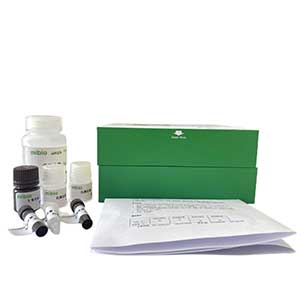 乳酸氧化酶(LOD)活性測定試劑/分光法主圖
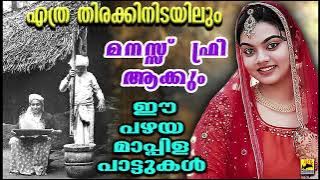 എത്ര തിരക്കിനിടയിലും മാസ്സ് ഫ്രീ ആക്കും ഈ പഴയ മാപ്പിളപ്പാട്ടുകൾ Old IS Gold Mappila Pattukal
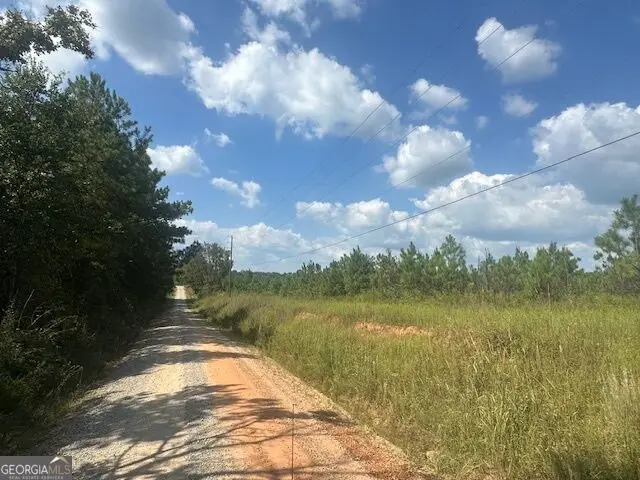 0 Cook Road #TRACT 10, Monticello, GA 31064 - #3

(TASK OBJECTIVE) Any picture in the listing above gets left out; output the rest exactly.

(TASK RESULT)
 乳酸氧化酶(LOD)活性測定試劑/分光法主圖
 എത്ര തിരക്കിനിടയിലും മാസ്സ് ഫ്രീ ആക്കും ഈ പഴയ മാപ്പിളപ്പാട്ടുകൾ Old IS Gold Mappila Pattukal
 0 Cook Road #TRACT 10, Monticello, GA 31064 - #3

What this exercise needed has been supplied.